* **Task goal**: Take the data below and extract the lines from the one with "y|Xg 360z ̂ڂ ͔dݔ΂̂ڂ 6Y5X Љ ObYv ył܂+1017~z" to the one with "Page 51 of PowerHara", inclusive, exactly as written.

* **Records for processing**:
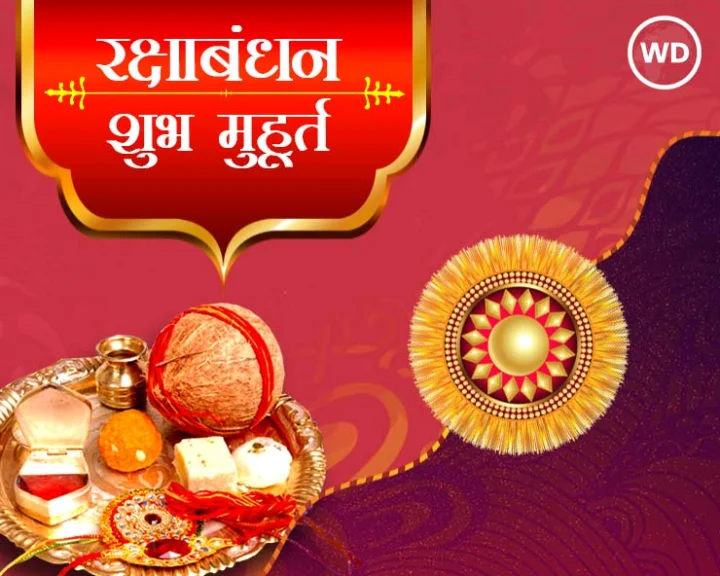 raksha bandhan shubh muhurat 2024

...

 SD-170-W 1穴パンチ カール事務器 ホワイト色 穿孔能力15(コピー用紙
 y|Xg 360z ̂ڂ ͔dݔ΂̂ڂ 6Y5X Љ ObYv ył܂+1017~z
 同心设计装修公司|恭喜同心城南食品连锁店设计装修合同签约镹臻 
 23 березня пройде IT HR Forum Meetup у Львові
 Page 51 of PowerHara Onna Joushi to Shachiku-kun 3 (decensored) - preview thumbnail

* * *

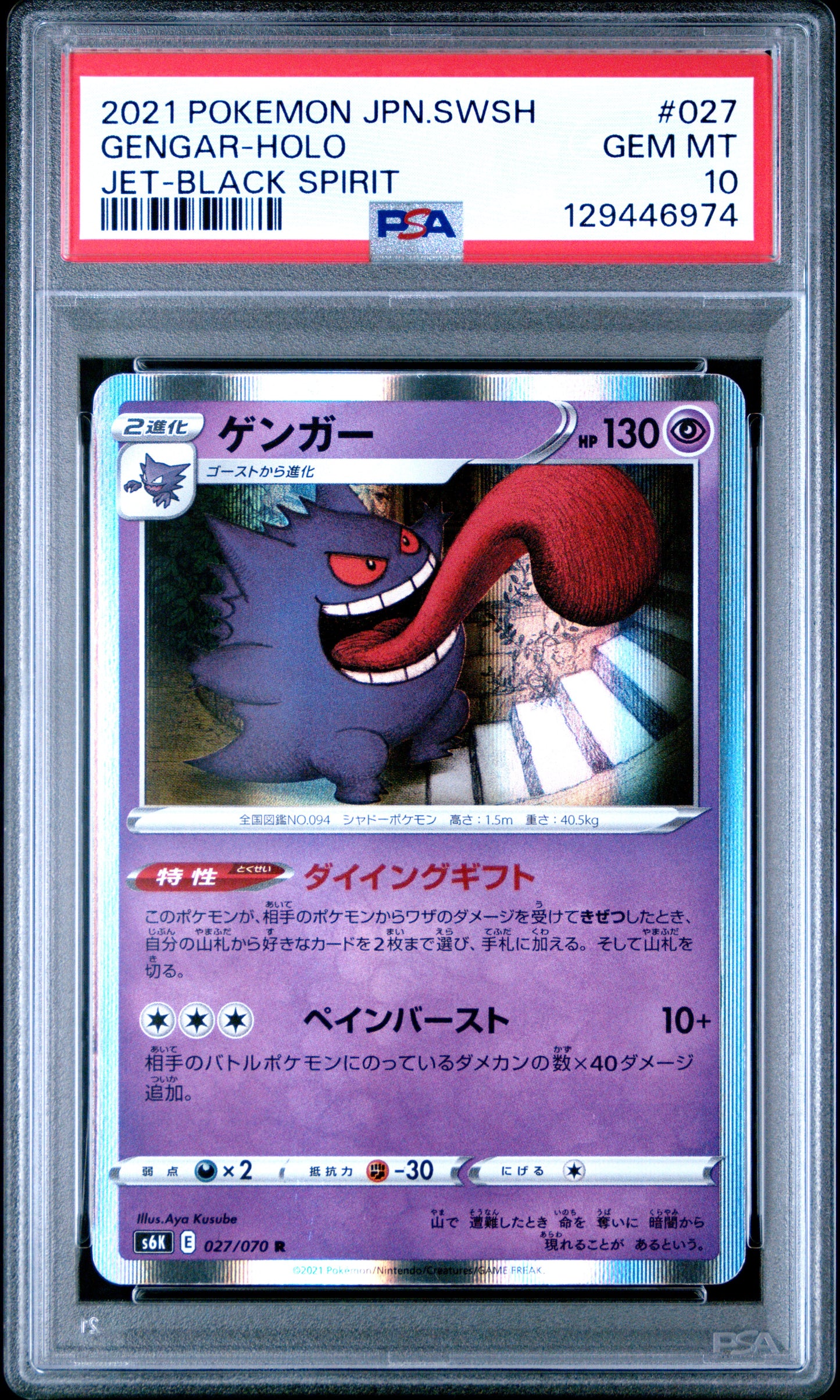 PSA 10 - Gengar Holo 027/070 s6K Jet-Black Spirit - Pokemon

* **Reply to the task**:
 y|Xg 360z ̂ڂ ͔dݔ΂̂ڂ 6Y5X Љ ObYv ył܂+1017~z
 同心设计装修公司|恭喜同心城南食品连锁店设计装修合同签约镹臻 
 23 березня пройде IT HR Forum Meetup у Львові
 Page 51 of PowerHara Onna Joushi to Shachiku-kun 3 (decensored) - preview thumbnail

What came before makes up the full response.